The reason why experts encourage you to take in carbohydrates in accordance to your body's needs (in short, you'll be considering your day's activities) is because it gives you energy to do whatever it is that you want to do. Without carbohydrates, you'll soon be using your fat stores and then your protein stores. These two are a big no-no since they have their own functions in the body, and being used up for energy is down in their list and supposedly for emergency purposes only.

Function

So how does a diet low in carbohydrate help you in losing weight? The answer is very simple. You see, carbohydrates' primary function is to supply your body with energy.
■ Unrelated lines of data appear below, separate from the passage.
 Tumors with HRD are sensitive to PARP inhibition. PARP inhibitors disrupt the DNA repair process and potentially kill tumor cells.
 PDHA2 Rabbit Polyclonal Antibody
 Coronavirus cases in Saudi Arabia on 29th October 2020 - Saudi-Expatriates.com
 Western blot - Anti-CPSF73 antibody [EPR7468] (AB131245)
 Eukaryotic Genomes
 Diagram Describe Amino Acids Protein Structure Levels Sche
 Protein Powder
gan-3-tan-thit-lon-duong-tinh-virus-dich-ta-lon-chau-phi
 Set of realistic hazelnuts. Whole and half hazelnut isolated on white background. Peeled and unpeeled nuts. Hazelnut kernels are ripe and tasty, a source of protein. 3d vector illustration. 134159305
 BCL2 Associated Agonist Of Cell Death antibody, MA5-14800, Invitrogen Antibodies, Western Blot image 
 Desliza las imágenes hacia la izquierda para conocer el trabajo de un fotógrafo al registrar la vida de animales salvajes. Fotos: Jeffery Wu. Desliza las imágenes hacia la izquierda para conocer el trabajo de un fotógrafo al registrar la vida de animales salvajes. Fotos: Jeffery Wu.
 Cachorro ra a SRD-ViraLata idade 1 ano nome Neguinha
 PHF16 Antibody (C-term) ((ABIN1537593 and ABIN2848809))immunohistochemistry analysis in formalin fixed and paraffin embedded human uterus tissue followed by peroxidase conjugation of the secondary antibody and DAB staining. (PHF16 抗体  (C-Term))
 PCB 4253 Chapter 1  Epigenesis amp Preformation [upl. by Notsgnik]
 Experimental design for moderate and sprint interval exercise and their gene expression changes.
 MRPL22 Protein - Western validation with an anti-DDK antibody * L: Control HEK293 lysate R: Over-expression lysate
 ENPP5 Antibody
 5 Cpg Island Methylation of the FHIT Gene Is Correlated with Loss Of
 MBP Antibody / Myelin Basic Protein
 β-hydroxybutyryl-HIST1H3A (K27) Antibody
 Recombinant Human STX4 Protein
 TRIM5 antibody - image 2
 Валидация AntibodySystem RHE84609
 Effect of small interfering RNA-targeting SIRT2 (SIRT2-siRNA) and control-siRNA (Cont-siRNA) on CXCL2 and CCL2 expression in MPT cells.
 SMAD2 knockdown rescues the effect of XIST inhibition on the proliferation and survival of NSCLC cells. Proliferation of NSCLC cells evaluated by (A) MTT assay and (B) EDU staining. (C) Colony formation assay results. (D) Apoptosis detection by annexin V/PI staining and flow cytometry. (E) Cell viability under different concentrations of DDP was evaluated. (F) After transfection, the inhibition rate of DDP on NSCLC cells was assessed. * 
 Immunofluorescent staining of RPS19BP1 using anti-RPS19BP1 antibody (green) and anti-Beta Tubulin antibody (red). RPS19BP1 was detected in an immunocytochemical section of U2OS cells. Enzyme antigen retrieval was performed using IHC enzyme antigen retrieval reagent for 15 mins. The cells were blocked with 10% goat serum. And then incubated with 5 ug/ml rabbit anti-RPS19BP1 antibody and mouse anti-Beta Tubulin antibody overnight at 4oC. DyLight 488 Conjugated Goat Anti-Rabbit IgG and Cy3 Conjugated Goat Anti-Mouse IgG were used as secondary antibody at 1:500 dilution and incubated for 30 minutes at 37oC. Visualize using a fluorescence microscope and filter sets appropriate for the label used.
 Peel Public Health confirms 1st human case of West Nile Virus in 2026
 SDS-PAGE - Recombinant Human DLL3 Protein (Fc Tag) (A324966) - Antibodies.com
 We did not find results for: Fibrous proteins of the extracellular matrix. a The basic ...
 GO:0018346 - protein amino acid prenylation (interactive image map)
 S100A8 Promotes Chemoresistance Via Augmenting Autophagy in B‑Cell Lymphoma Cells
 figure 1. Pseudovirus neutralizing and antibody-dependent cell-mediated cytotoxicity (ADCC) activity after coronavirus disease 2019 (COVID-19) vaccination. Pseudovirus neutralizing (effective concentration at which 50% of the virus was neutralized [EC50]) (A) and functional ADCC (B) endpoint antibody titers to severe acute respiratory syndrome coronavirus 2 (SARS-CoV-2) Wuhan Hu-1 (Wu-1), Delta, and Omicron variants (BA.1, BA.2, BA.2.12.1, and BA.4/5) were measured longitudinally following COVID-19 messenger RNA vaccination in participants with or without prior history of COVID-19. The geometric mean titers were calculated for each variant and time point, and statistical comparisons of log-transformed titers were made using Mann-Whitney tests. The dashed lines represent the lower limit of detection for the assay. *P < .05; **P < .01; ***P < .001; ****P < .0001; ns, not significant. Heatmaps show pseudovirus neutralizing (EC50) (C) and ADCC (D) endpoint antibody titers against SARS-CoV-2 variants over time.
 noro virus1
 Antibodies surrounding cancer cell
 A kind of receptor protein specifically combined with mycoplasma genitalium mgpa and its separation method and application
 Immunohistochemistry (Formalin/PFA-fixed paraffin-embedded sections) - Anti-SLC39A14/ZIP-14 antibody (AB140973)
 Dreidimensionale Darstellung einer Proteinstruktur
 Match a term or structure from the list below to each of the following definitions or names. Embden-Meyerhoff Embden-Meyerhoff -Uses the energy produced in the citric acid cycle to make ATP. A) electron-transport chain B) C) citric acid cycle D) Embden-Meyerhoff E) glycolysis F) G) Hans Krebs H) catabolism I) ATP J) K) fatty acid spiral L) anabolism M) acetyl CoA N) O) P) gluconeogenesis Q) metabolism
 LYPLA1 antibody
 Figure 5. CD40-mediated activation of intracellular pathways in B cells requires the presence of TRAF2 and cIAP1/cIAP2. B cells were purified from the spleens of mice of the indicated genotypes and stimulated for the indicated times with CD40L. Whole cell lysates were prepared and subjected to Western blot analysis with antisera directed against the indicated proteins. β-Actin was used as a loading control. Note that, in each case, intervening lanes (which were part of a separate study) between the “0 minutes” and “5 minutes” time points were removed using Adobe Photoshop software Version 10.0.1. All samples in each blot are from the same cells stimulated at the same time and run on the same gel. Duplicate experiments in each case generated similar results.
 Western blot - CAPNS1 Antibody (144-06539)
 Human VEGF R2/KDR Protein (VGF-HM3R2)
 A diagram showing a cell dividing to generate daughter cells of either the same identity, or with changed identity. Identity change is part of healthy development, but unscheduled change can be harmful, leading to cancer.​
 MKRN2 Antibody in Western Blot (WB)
If you eat too much carbohydrate while doing only minimal physical work, you will end up having the unspent or unused carbohydrates being converted and stored as triglycerides, also known as the stored form of fats.

On the other hand, if you just eat the right amount of carbohydrates that you need, you will not only avoid having any additional fat deposits or adding up to where there are fat deposits, but you also will end up using the stored ones too. Hence, slowly but surely, you will lose weight. It might not be the quickest way towards losing weight but it is a sure one.

Content

What should you expect in a diet that is low in carbohydrates? Well, expect that you won't end up eating potatoes (no matter how it is done), carbohydrate laden pastries and sweets. Also, with this kind of diet plan, you are not allowed to eat white rice, too. Instead, you are encouraged to eat whole grain cereals, oatmeals, wheat bread and the like.

However, there are just times when you have no choice but to eat carbohydrate laden foods (such as being hungry in a party). With this, look for complex carbohydrates. These will make your body really work for it to digest and be absorbed. In this way, your body is spending a lot of energy (and burning those heavy triglycerides), thus, you will not run the risk of adding up to your already existent triglyceride deposit.

Low Carb Diets - What Should I Eat For Breakfast, Lunch, and Dinner?